--- DATASET EXCERPTS ---
◆ ◆ ◆ ◆ ◆ ◆ ◆

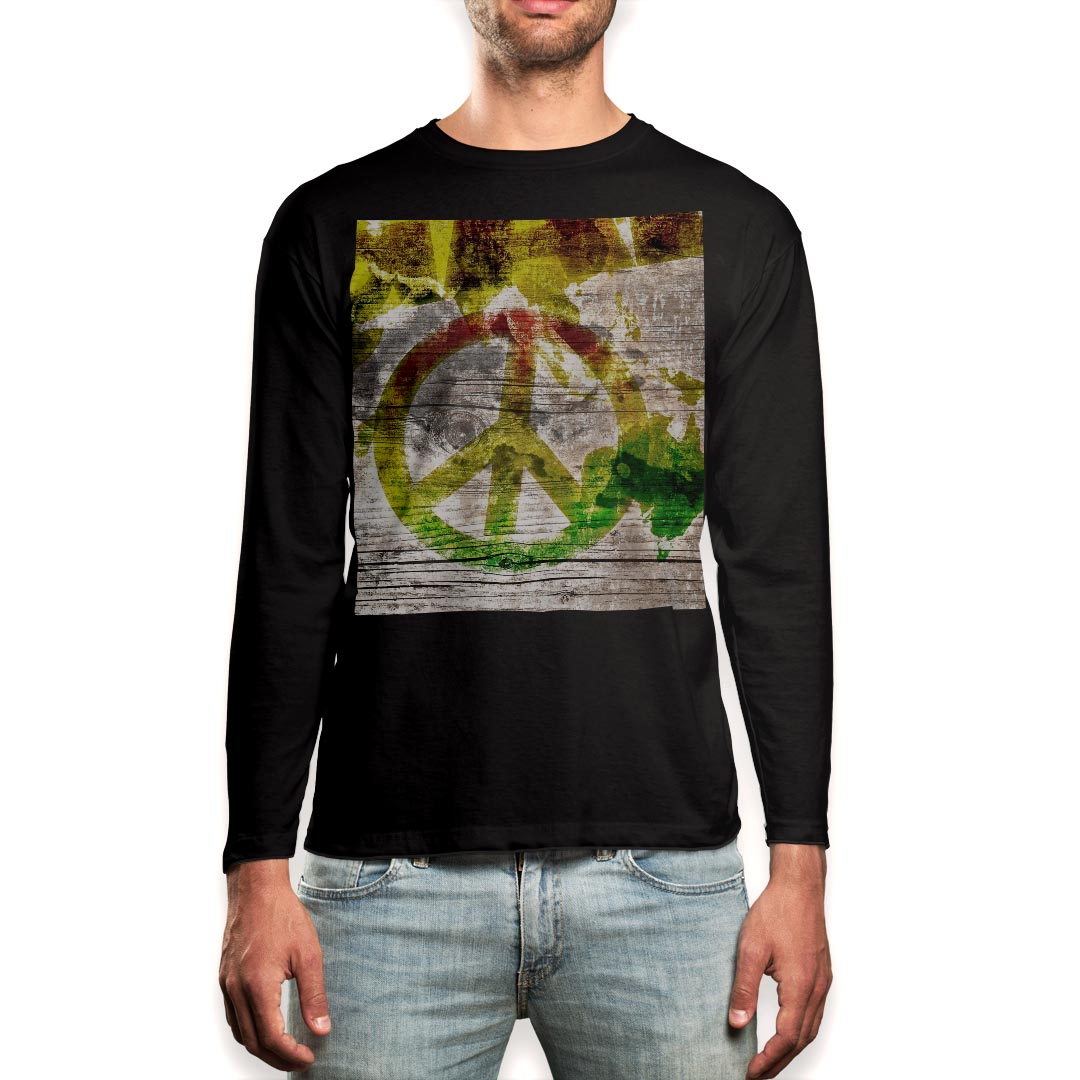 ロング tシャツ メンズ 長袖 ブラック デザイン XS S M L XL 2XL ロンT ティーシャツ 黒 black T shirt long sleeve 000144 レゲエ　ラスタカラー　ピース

◆ ◆ ◆ ◆ ◆ ◆ ◆

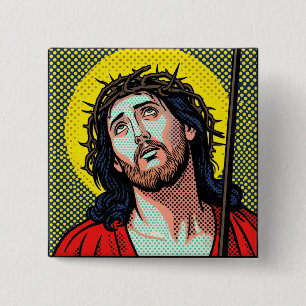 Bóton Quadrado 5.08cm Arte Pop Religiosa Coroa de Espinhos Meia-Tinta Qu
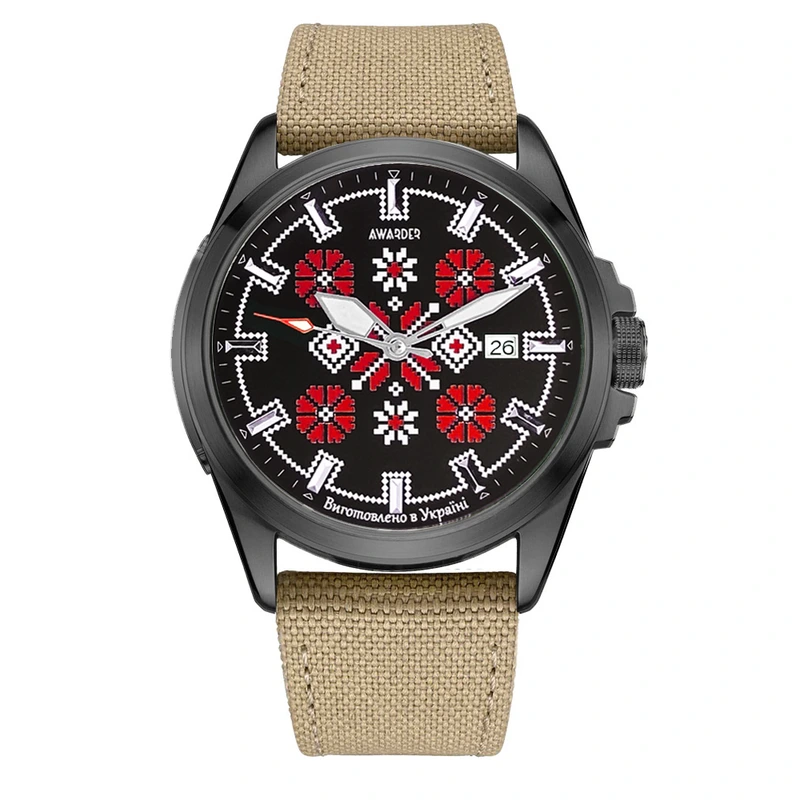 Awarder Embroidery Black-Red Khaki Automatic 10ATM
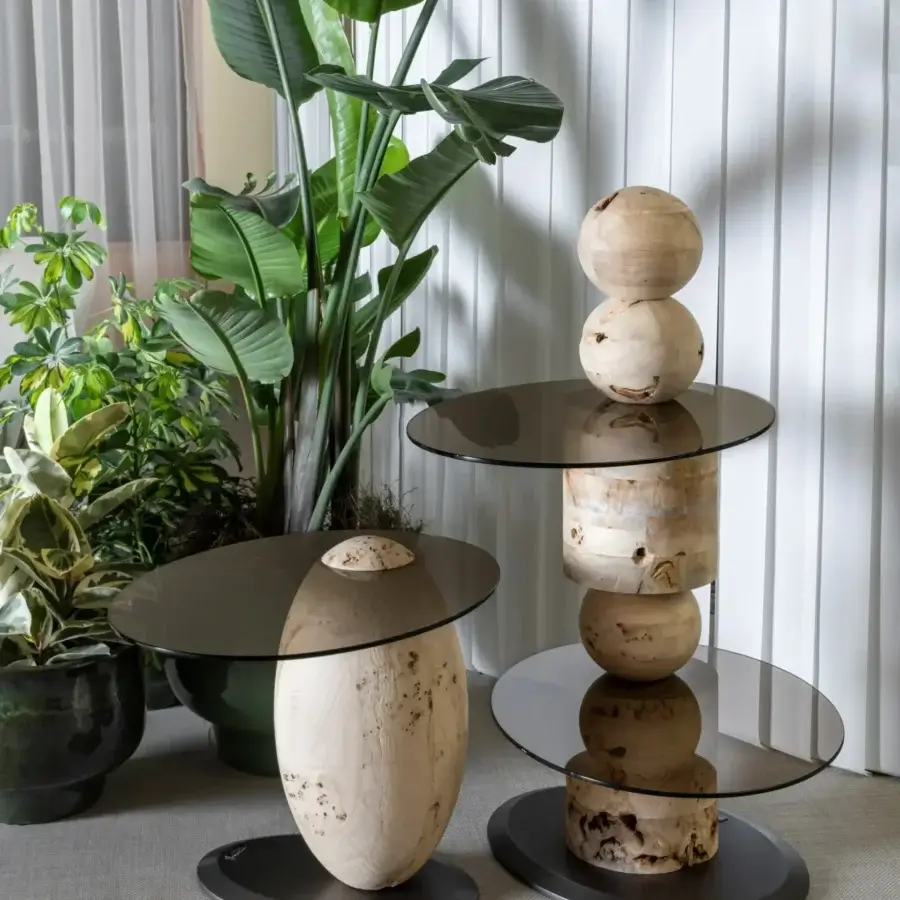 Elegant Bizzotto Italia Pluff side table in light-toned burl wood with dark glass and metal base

◆ ◆ ◆ ◆ ◆ ◆ ◆

--- PROBLEM TO WORK ON ---
Excerpt from the records above: set down only the lines from the one that contains "Awarder Embroidery Black-Red" through the one that contains "Elegant Bizzotto Italia", inclusive, word for word. Pictures stay out.

--- SOLUTION ---
 Awarder Embroidery Black-Red Khaki Automatic 10ATM
 Elegant Bizzotto Italia Pluff side table in light-toned burl wood with dark glass and metal base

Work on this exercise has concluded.